Reserve air in the lungs. Lung studies

Tidal volume (TV) is the volume of air inhaled and exhaled during normal breathing, equal to an average of 500 ml (with fluctuations from 300 to 900 ml).

Of this, about 150 ml is the volume of air in the functional dead space (FSD) in the larynx, trachea, and bronchi, which does not take part in gas exchange. The functional role of HFMP is that it mixes with the inhaled air, moisturizing and warming it.

Expiratory reserve volume

The expiratory reserve volume is the volume of air equal to 1500-2000 ml that a person can exhale if, after a normal exhalation, he exhales maximally.

Inspiratory reserve volume

The inspiratory reserve volume is the volume of air that a person can inhale if, after a normal inhalation, he takes a maximum breath. Equal to 1500 - 2000 ml.

Vital capacity of the lungs

Vital capacity of the lungs (VC) is the maximum amount of air exhaled after the deepest inhalation. Vital vital capacity is one of the main indicators of the condition of the external respiration apparatus, widely used in medicine. Together with the residual volume, i.e. the volume of air remaining in the lungs after the deepest exhalation, vital capacity forms the total lung capacity (TLC).

Normally, vital capacity is about 3/4 of the total lung capacity and characterizes the maximum volume within which a person can change the depth of his breathing. During quiet breathing, a healthy adult uses a small part of vital capacity: inhales and exhales 300-500 ml of air (the so-called tidal volume). In this case, the inspiratory reserve volume, i.e. the amount of air that a person is able to additionally inhale after a quiet inhalation, and the reserve volume of exhalation, equal to the volume of additionally exhaled air after a quiet exhalation, averages approximately 1500 ml each. During physical activity, tidal volume increases due to the use of inhalation and exhalation reserves.

Vital capacity is an indicator of the mobility of the lungs and chest. Despite the name, it does not reflect breathing parameters in real (“life”) conditions, since even with the highest demands placed on the respiratory system by the body, the depth of breathing never reaches the maximum possible value.

From a practical point of view, it is inappropriate to establish a “single” standard for the vital capacity of the lungs, since this value depends on a number of factors, in particular on age, gender, body size and position, and the degree of fitness.

With age, the vital capacity of the lungs decreases (especially after 40 years). This is due to a decrease in the elasticity of the lungs and the mobility of the chest. Women have on average 25% less than men.

The relationship with height can be calculated using the following equation:

VC=2.5*height (m)

Vital capacity depends on the position of the body: in a vertical position it is slightly greater than in a horizontal position.

This is explained by the fact that in an upright position the lungs contain less blood.

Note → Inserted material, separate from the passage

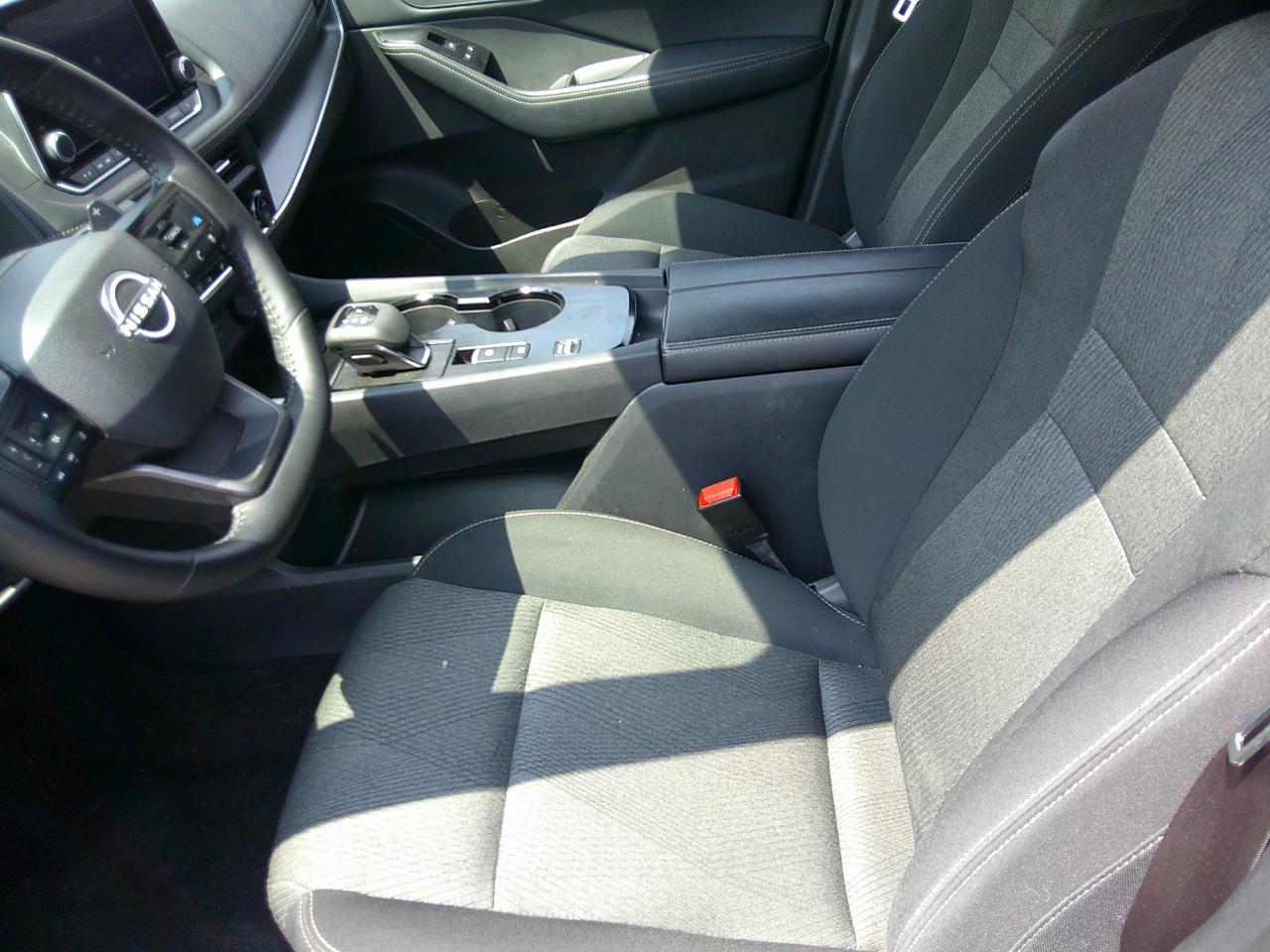 Nissan Rogue FWD SV 2025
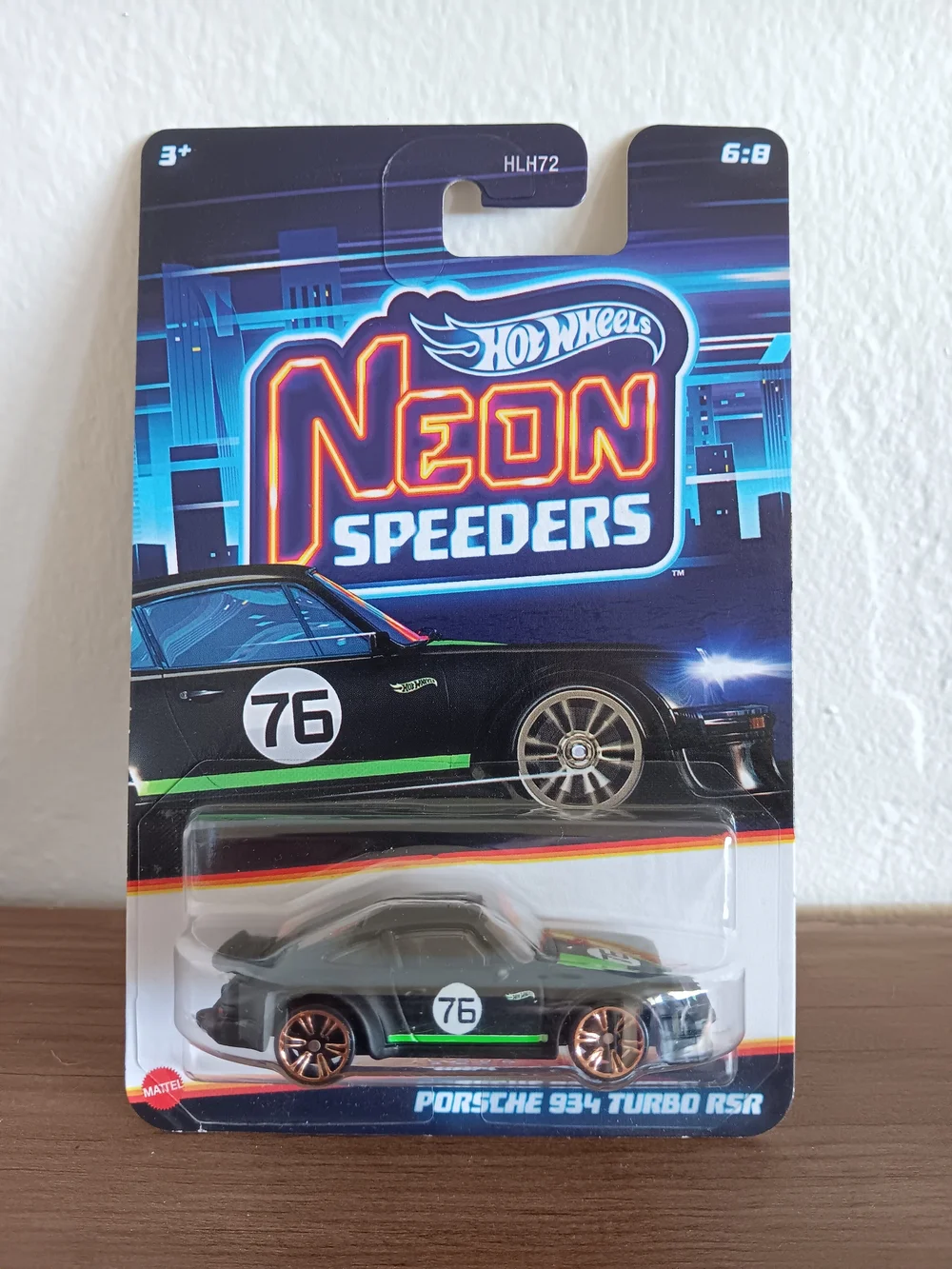 Hot Wheels Neon Speeders Porsche 934 Turbo RSR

In trained people (especially swimmers and rowers), it can be up to 8 liters, since athletes have highly developed auxiliary respiratory muscles (pectoralis major and minor).

Residual volume

Residual volume (VR) is the volume of air that remains in the lungs after maximum exhalation. Equal to 1000 - 1500 ml.

Total lung capacity

Total (maximum) lung capacity (TLC) is the sum of respiratory, reserve (inhalation and exhalation) and residual volumes and is 5000 - 6000 ml.

A study of tidal volumes is necessary to assess compensation for respiratory failure by increasing the depth of breathing (inhalation and exhalation).

Vital capacity of the lungs. Systematic physical education and sports contribute to the development of respiratory muscles and expansion of the chest. Already 6-7 months after starting swimming or running, the vital capacity of young athletes’ lungs can increase by 500 cc. and more. A decrease in it is a sign of overwork.

The vital capacity of the lungs is measured with a special device - a spirometer. To do this, first close the hole in the inner cylinder of the spirometer with a stopper and disinfect its mouthpiece with alcohol. After taking a deep breath, exhale deeply through the mouthpiece. In this case, air should not pass past the mouthpiece or through the nose.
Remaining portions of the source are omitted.